People don’t like the idea of God condemning them and yet there’s no good reason for us to resent God’s judgement. Jesus tells us plainly, “For God did not send his Son into the world to condemn the world, but in order that the world might be saved through him” (John 3:17). God isn’t a sadistic meanie who takes joy in tormenting or punishing his creatures. Brothers and sisters, we brought judgment on ourselves through our sin. We have no one to blame but ourselves for our predicament. It was God who loved us so much that even as were his enemies, actively rebelling against him, that he lovingly sent his own Son to die for us. He’s like a doctor who gives a prescription for the medicine we need to get better. It’s not his fault if we refuse to fill the prescription or if we refuse to take the medicine.
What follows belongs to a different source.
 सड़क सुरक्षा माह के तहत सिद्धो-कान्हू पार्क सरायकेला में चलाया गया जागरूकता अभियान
If we refuse the medicine we condemn ourselves to death. It’s just like that with all those who reject Jesus as their Saviour and Lord.
Jesus’ promise is that those who believe—really believe in him as the Bible presents him to us and wholly put their trust in him—will not perish, but have eternal life. And, brothers and sisters, if by “perish” Jesus is talking about eternal spiritual death and separation from God, then to have “life” is to be restored to his presence and fellowship, and not just for today, but for all time. That’s the good news of the Gospel. I hope that everyone here has truly believed—that we’ve all got the knowledge, the conviction, and the trust that make up real, saving faith. But remember that this is the message we have to share with the people around us. The bad news is that we are sinners—sinners who have already perished and sinners who have placed ourselves in the position of being condemned. The good news is that through faith in Jesus and his Cross, our loving God offers us a way back to life.
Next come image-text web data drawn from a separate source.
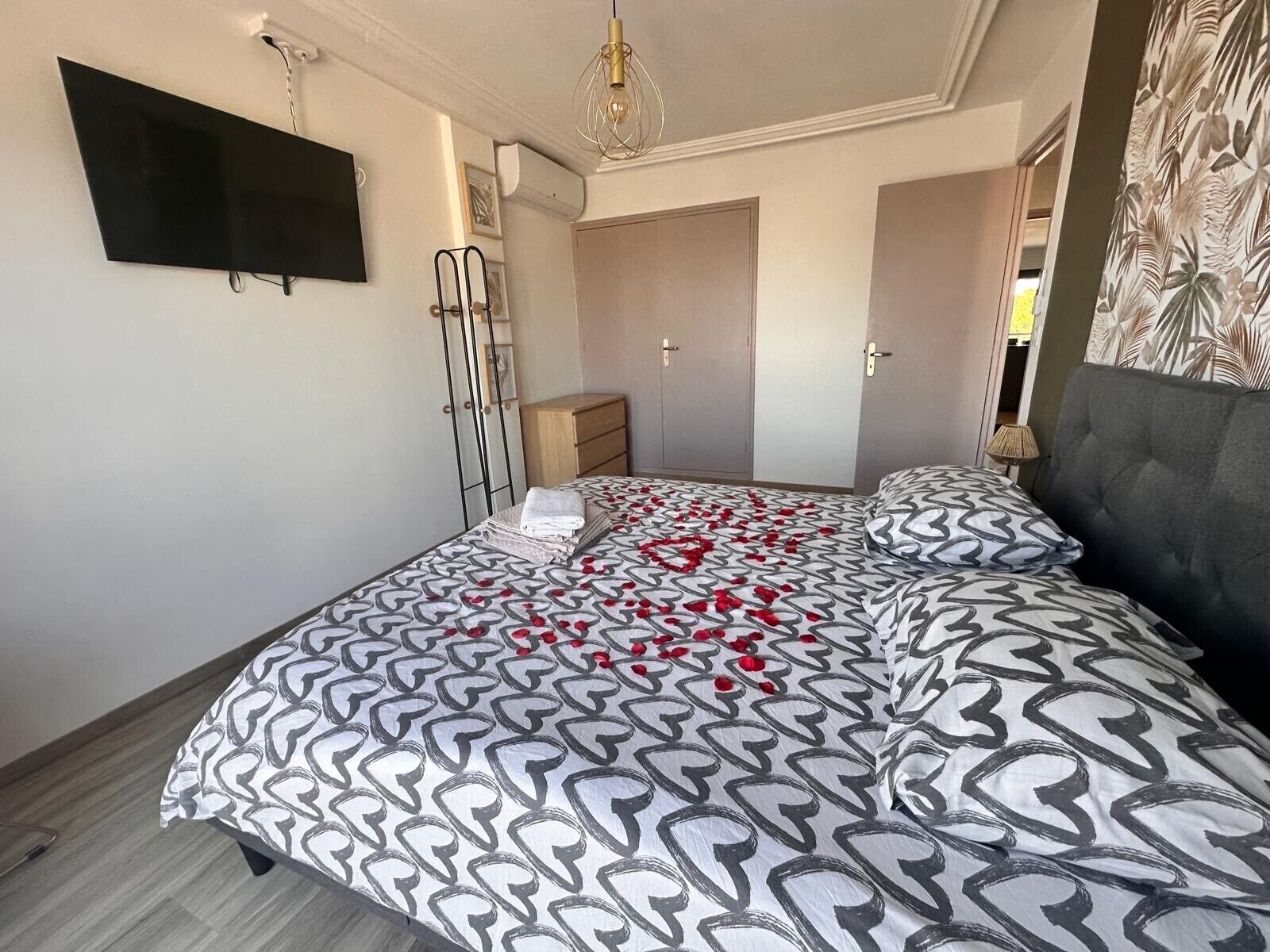 2 多间卧室、熨斗/熨衣板、WiFi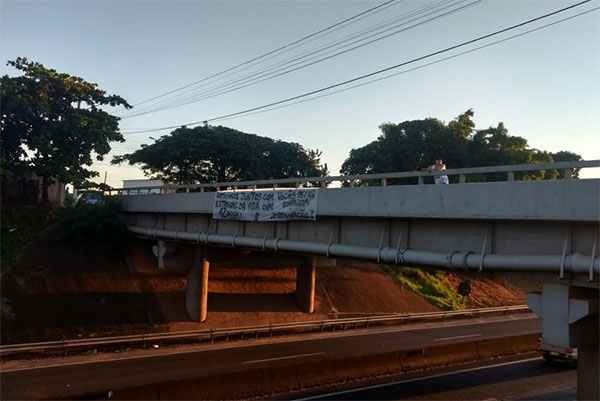 Divulgação - Mensagem frisa a coragem e determinação dos caminhoneiros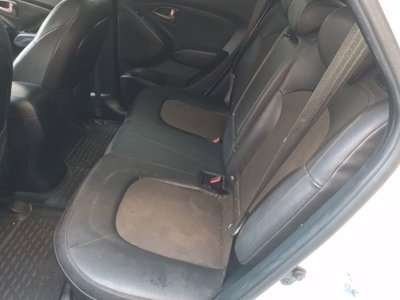 Hyundai ix35 1.7 CRDi 2WD Xpossible (12)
Let us pray: Gracious heavenly Father, thank you for the Good News; thank you for sending your only Son to die in our place that we might not perish everlastingly, but have eternal life. Strengthen our faith, we ask Father, and let it be a true and saving faith. Remind us also as we share your Good News with the world, that faith is not a vague belief or affirmation about Jesus, but that we must tell people who you really are and help them to understand that they must put their whole trust in you. We ask this through Jesus Christ, our Saviour and Lord. Amen.